Nessa cidade, quem segue pela BR-364 tem a possibilidade de escoar a produção pela hidrovia no Rio Paranaíba até Pederneiras, pelo Rio Tietê, em São Paulo. O movimento tem sido grande: 6 milhões de toneladas de soja, farelo de soja e milho foram transportadas na hidrovia em 2017. De Pederneiras, o produto segue em ferrovia, ou em rodovia a partir de Anhembi, até o Porto de Santos.
“Cada comboio tira de circulação 200 caminhões. Por ano, são 200 mil carretas que deixam as estradas”, calcula Guilherme Mortoza, gerente industrial da Caramuru, uma das principais exportadoras da região, em São Simão. “Mas é preciso realizar obras para melhorar a hidrovia.” Depois de São Simão, a BR-364 é uma cilada.
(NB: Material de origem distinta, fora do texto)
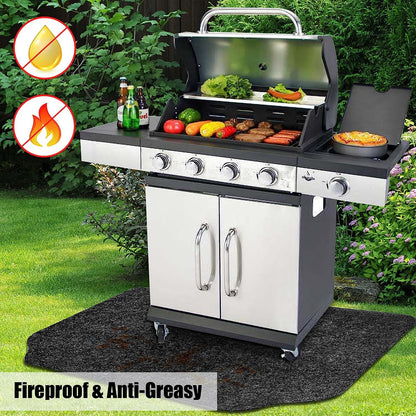 36 X 50 Inches under the Grill Protective Deck and Patio Mat, under Grill Floor Mats to Protect Deck, BBQ Mat for under BBQ, Absorbent Oil Pad Protector for Deck & Patio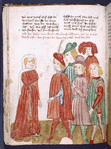 Text with rubric and placemarkers; three-quarter-page miniature
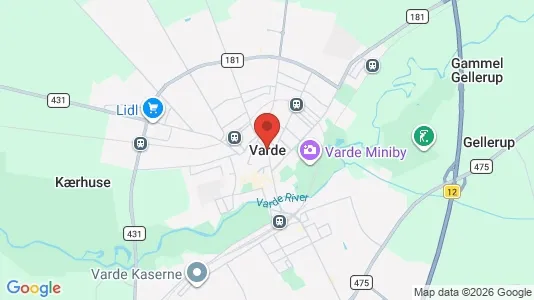 Kaupat Vuokrattavana i Varde - Kuva Google Street Viewstä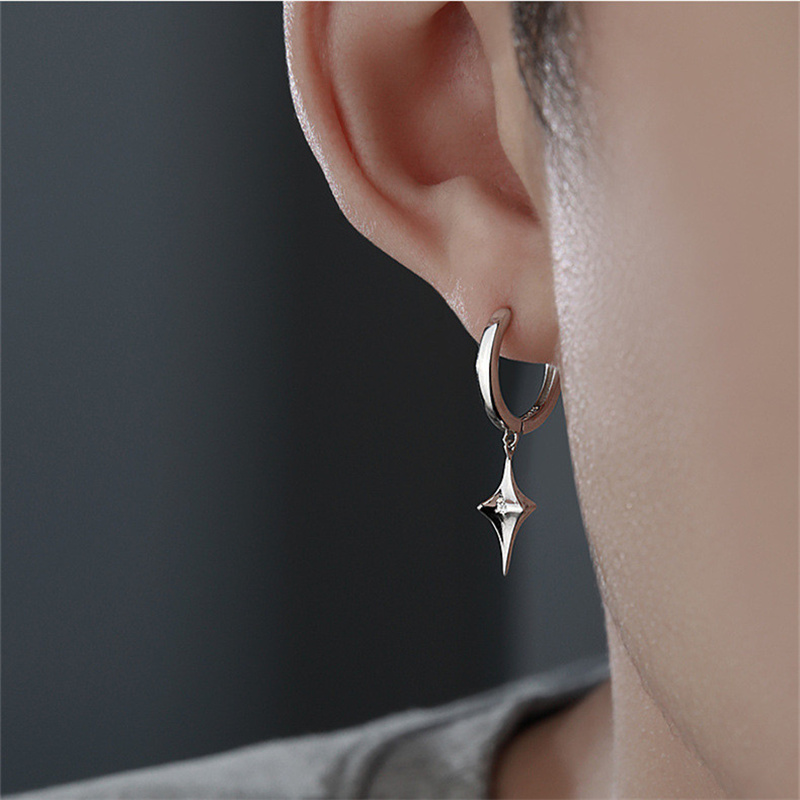 Men'S Accessories Drop Shipping - Classic Star Drop Earrings For Men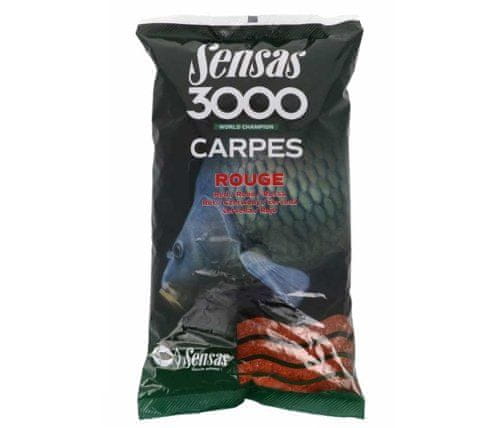 Sensas Krmítková a vnadící směs 3000 Carp Rouge - 1 kg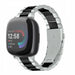 Correa acero Fitbit Versa 4 (plata/negro)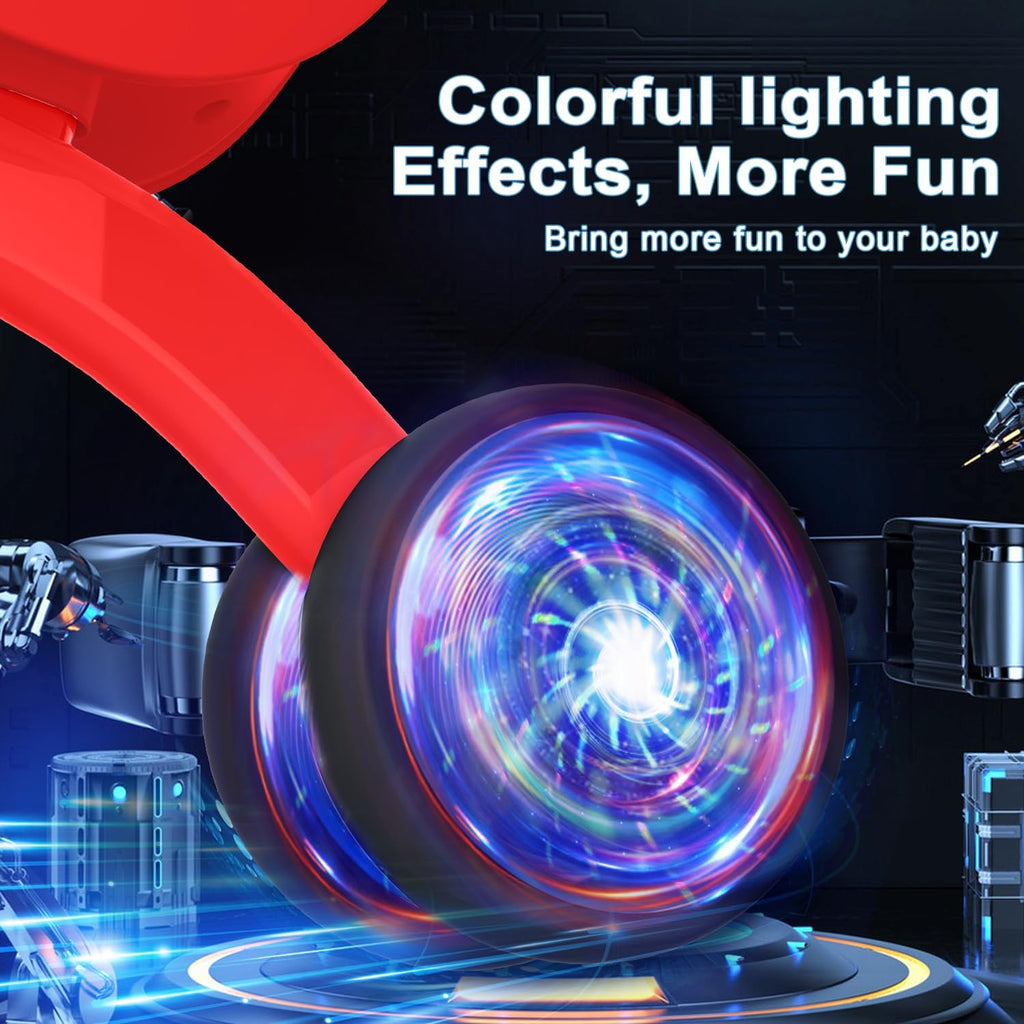 Colorful Lighting Baby Balance Bike Toys for 1 Year Old Girl Gifts, 10-36 Month Toddler Balance Bike, No Pedal 4 Silence Wheels & Soft Seat Pre-School First Riding on Toys, 1st Birthday Gifts.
Entre os 158 quilômetros até Campina Verde, em Minas Gerais, há um trecho de 12 quilômetros de estrada de terra. Literalmente, joga por terra a ótima qualidade do asfalto nesse trecho. O DNIT informa que “será publicado o edital de licitação para elaboração de projeto básico e projeto executivo para pavimentação do lote remanescente”, mas sem previsão de data.
Com a falta de asfalto e segurança, os motoristas que ainda descem a soja de Mato Grosso para Santos fazem caminhos alternativos por Mato Grosso do Sul até conseguirem acesso às rodovias paulistas Anhanguera, Whashington Luiz ou Raposo Tavares.
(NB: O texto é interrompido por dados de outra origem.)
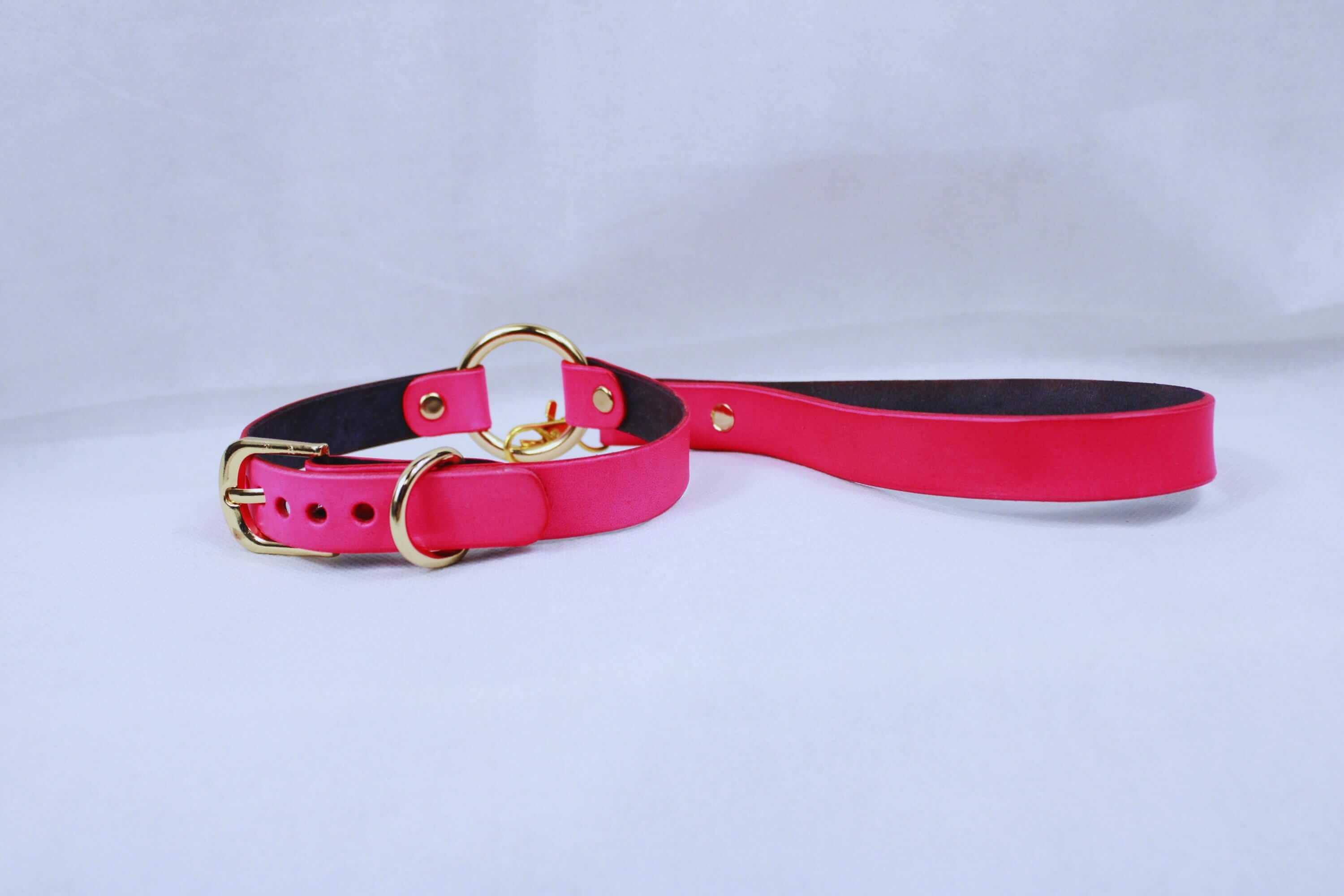 Rio Red BDSM Collar Elegant Power And Discreet Leather Design - Image 3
Grãos, como soja e milho, e açúcar também são escoados para o Porto de Santos por terminais rodoferroviários da VLI em Uberaba (MG), em funcionamento desde o ano passado, e em Guará (SP), construído em 2015. A companhia ainda inaugurou no ano passado a ampliação do Terminal Integrador Portuário Luiz Antonio Mesquita (Tiplam), em Santos, integrando a exportação da ferrovia ao transporte marítimo. Com isso, espera tirar por dia 1.500 caminhões das estradas entre o sul de Minas, São Paulo e o porto santista. Entre Uberaba e o Porto de Santos, a empresa investiu R$ 4,5 bilhões.
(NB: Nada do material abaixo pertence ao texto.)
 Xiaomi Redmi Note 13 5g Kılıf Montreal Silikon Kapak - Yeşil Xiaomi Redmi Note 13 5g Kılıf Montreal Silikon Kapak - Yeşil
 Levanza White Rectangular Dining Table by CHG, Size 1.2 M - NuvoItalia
Com quatro berços para atracação de navios, no ano passado o Tiplam exportou 4,7 milhões de toneladas de açúcar, soja, farelo e milho e recebeu 2,5 milhões de fertilizantes, enxofre e amônia.
“A intermodalidade vai propiciar a Mato Grosso ser mais competitivo com a soja argentina e americana, com menor custo e mais eficiência”, afirma Igor Figueiredo, gerente geral de agronegócio da VLI. O custo, no entanto, é segredo ao qual apenas grandes tradings têm acesso. Há quem diga, como Galvan, da Aprosoja/MT, que o frete para descer de caminhão ou de trem é praticamente o mesmo. O fato é que a rodovia não comportaria o volume de tráfego de caminhões necessário para escoar esse volume todo de produção.